Components of Hadoop
The broad Hadoop umbrella project has many component subprojects, and we'll discuss several of them in this book. At its core, Hadoop provides two services: storage and computation. A typical Hadoop workflow consists of loading data into the Hadoop Distributed File System (HDFS) and processing using the MapReduce API or several tools that rely on MapReduce as an execution framework.
Both layers are direct implementations of Google's own GFS and MapReduce technologies.
Common building blocks
Both HDFS and MapReduce exhibit several of the architectural principles described in the previous section. In particular, the common principles are as follows:
- Both are designed to run on clusters of commodity (that is, low to medium specification) servers
- Both scale their capacity by adding more servers (scale-out) as opposed to the previous models of using larger hardware (scale-up)
- Both have mechanisms to identify and work around failures
- Both provide most of their services transparently, allowing the user to concentrate on the problem at hand
- Both have an architecture where a software cluster sits on the physical servers and manages aspects such as application load balancing and fault tolerance, without relying on high-end hardware to deliver these capabilities
Storage
HDFS is a filesystem, though not a POSIX-compliant one. This basically means that it does not display the same characteristics as that of a regular filesystem. In particular, the characteristics are as follows:
- HDFS stores files in blocks that are typically at least 64 MB or (more commonly now) 128 MB in size, much larger than the 4-32 KB seen in most filesystems
- HDFS is optimized for throughput over latency; it is very efficient at streaming reads of large files but poor when seeking for many small ones
- HDFS is optimized for workloads that are generally write-once and read-many
- Instead of handling disk failures by having physical redundancies in disk arrays or similar strategies, HDFS uses replication. Each of the blocks comprising a file is stored on multiple nodes within the cluster, and a service called the NameNode constantly monitors to ensure that failures have not dropped any block below the desired replication factor. If this does happen, then it schedules the making of another copy within the cluster.
Computation
MapReduce is an API, an execution engine, and a processing paradigm; it provides a series of transformations from a source into a result dataset. In the simplest case, the input data is fed through a map function and the resultant temporary data is then fed through a reduce function.
MapReduce works best on semistructured or unstructured data. Instead of data conforming to rigid schemas, the requirement is instead that the data can be provided to the map function as a series of key-value pairs. The output of the map function is a set of other key-value pairs, and the reduce function performs aggregation to collect the final set of results.
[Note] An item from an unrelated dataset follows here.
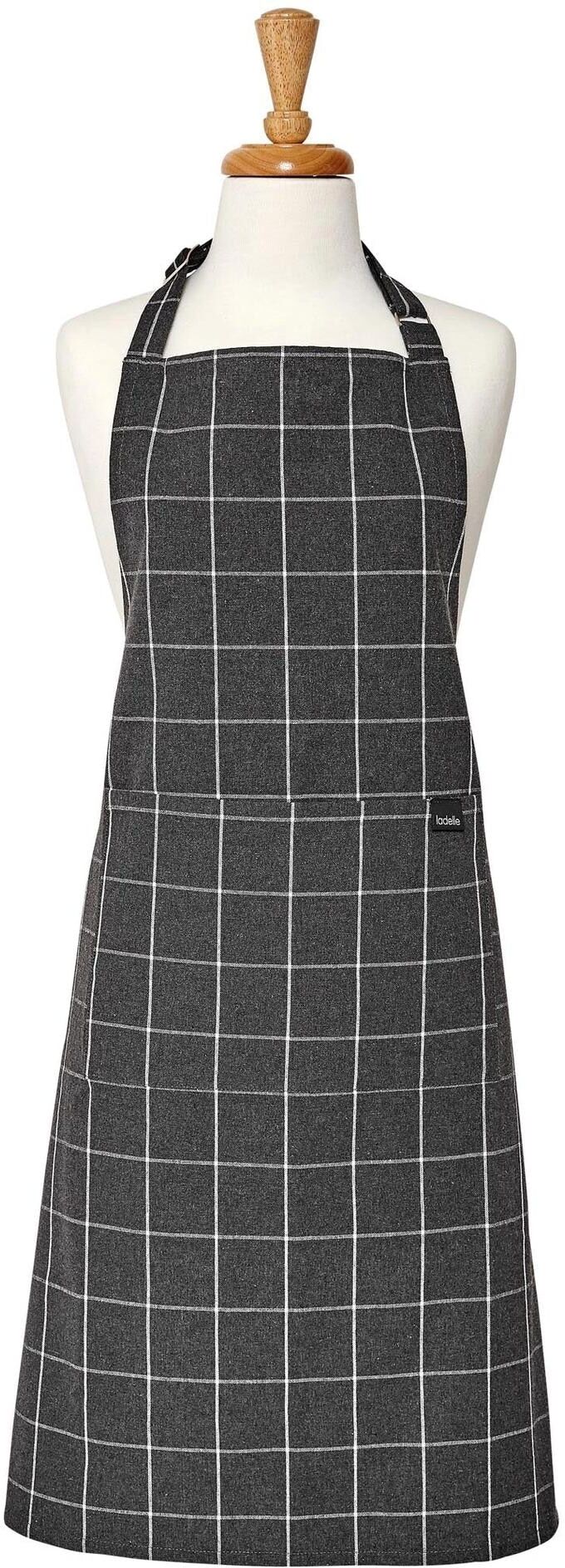 Kochschürze LADELLE "Eco Check 70 x 89 cm", grau (anthrazit), B:70cm L:89cm, Baumwolle, Schürzen, Kochschürze anthrazit B/L: 70cm x 89cm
Hadoop provides a standard specification (that is, interface) for the map and reduce phases, and the implementation of these are often referred to as mappers and reducers. A typical MapReduce application will comprise a number of mappers and reducers, and it's not unusual for several of these to be extremely simple. The developer focuses on expressing the transformation between the source and the resultant data, and the Hadoop framework manages all aspects of job execution and coordination.
Better together
It is possible to appreciate the individual merits of HDFS and MapReduce, but they are even more powerful when combined. They can be used individually, but when they are together, they bring out the best in each other, and this close interworking was a major factor in the success and acceptance of Hadoop 1.
When a MapReduce job is being planned, Hadoop needs to decide on which host to execute the code in order to process the dataset most efficiently. If the MapReduce cluster hosts are all pulling their data from a single storage host or array, then this largely doesn't matter as the storage system is a shared resource that will cause contention. If the storage system was more transparent and allowed MapReduce to manipulate its data more directly, then there would be an opportunity to perform the processing closer to the data, building on the principle of it being less expensive to move processing than data.
The most common deployment model for Hadoop sees the HDFS and MapReduce clusters deployed on the same set of servers. Each host that contains data and the HDFS component to manage the data also hosts a MapReduce component that can schedule and execute data processing. When a job is submitted to Hadoop, it can use the locality optimization to schedule data on the hosts where data resides as much as possible, thus minimizing network traffic and maximizing performance.